**REQUIRED WORK**
Copy every line of the data that includes the string "Santa".

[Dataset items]
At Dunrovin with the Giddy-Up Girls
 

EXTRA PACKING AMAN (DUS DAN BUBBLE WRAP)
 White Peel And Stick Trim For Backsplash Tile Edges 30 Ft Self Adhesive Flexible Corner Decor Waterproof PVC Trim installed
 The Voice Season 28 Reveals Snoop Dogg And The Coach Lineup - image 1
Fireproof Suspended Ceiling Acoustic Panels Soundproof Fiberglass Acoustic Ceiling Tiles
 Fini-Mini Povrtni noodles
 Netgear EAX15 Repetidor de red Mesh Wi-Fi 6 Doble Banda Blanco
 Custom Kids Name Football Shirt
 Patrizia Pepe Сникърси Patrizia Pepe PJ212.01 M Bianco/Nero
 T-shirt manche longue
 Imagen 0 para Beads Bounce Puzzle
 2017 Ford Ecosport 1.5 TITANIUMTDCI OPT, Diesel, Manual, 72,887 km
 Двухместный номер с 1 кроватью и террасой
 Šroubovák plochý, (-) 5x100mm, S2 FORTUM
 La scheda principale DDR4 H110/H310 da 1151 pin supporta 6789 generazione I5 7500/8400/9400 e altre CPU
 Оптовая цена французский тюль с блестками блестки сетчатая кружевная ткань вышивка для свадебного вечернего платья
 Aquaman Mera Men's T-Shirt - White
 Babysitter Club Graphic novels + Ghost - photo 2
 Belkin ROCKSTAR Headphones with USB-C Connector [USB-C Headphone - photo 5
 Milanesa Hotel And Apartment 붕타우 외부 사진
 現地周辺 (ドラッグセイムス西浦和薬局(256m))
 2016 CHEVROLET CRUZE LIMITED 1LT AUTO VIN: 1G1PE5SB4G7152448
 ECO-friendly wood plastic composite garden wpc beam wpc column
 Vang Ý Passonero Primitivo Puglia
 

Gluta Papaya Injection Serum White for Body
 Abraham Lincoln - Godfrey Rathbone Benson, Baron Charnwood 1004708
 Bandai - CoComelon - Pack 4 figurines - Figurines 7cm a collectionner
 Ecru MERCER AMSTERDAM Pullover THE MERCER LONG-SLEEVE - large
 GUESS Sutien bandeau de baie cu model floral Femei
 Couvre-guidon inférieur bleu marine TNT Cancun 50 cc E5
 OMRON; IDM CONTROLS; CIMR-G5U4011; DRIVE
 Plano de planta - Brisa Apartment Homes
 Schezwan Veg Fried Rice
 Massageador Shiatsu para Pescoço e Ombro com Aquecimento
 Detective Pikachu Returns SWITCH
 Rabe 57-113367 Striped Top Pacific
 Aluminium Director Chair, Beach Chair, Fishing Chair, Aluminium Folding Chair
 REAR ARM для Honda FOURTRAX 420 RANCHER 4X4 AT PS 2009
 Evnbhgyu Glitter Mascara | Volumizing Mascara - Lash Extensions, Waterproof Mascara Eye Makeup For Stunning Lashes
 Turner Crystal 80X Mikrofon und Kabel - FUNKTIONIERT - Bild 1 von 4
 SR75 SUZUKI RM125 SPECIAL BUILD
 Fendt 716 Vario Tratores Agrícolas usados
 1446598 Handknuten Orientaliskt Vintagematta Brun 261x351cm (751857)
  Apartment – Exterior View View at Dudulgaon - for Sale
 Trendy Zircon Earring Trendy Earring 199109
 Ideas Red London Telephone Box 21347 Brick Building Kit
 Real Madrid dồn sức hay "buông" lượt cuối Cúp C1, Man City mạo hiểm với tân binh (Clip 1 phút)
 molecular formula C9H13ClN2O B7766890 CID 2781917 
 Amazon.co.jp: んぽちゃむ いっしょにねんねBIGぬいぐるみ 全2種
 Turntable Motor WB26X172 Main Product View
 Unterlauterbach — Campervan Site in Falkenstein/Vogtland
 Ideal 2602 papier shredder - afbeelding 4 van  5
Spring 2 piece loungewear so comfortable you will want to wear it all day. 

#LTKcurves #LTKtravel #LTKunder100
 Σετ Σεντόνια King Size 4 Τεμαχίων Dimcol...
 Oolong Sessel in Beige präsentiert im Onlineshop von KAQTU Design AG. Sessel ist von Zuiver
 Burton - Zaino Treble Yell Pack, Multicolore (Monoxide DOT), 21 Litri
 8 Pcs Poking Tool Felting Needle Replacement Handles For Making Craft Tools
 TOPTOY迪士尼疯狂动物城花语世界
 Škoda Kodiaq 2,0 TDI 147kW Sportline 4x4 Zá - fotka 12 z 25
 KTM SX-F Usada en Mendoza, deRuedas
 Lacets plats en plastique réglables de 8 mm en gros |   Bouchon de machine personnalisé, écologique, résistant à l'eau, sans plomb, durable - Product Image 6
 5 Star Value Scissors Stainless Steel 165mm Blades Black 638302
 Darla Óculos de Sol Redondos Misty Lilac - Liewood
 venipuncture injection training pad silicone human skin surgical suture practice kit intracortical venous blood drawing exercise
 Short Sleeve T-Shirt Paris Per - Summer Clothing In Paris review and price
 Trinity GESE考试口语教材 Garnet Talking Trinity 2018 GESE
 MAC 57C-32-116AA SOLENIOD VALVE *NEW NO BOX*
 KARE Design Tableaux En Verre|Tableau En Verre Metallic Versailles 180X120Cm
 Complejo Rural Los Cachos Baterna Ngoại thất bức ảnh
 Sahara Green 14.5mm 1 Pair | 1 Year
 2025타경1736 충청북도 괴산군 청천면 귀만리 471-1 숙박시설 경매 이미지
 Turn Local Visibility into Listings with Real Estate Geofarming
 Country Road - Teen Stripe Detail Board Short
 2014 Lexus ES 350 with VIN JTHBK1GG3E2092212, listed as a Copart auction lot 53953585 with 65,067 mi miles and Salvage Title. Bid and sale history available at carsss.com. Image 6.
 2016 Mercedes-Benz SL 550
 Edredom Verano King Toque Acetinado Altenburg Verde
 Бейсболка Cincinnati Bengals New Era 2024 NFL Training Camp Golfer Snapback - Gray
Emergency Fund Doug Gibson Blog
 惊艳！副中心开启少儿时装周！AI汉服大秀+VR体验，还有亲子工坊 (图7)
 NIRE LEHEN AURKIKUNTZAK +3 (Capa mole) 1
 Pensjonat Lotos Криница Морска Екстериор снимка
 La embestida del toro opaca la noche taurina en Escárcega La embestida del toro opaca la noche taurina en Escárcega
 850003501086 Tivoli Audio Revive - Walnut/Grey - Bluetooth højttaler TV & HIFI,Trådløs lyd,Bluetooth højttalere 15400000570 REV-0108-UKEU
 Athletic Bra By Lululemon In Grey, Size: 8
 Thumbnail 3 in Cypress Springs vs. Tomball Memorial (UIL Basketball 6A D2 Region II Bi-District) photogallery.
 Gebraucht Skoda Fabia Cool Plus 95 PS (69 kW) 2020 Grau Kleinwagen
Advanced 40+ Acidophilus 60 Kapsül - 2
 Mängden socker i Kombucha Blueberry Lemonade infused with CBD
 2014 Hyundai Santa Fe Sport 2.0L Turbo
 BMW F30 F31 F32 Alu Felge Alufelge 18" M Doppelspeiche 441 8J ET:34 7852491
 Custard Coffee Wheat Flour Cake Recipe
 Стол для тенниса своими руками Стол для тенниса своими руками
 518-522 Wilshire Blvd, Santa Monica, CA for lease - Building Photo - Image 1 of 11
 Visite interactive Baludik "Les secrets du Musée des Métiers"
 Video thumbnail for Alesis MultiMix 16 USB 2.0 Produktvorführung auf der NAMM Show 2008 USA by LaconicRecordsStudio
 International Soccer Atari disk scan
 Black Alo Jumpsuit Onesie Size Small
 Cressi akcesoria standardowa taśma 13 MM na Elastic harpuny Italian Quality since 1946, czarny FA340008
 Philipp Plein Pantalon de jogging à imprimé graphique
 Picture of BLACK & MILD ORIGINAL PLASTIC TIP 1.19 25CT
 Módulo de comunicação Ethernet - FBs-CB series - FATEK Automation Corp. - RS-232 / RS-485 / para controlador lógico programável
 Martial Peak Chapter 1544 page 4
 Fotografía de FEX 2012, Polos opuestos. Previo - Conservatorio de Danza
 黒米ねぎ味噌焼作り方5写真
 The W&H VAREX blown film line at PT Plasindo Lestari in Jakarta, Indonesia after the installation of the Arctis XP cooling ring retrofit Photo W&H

**EXPECTED ANSWER**
 2014 Hyundai Santa Fe Sport 2.0L Turbo
 518-522 Wilshire Blvd, Santa Monica, CA for lease - Building Photo - Image 1 of 11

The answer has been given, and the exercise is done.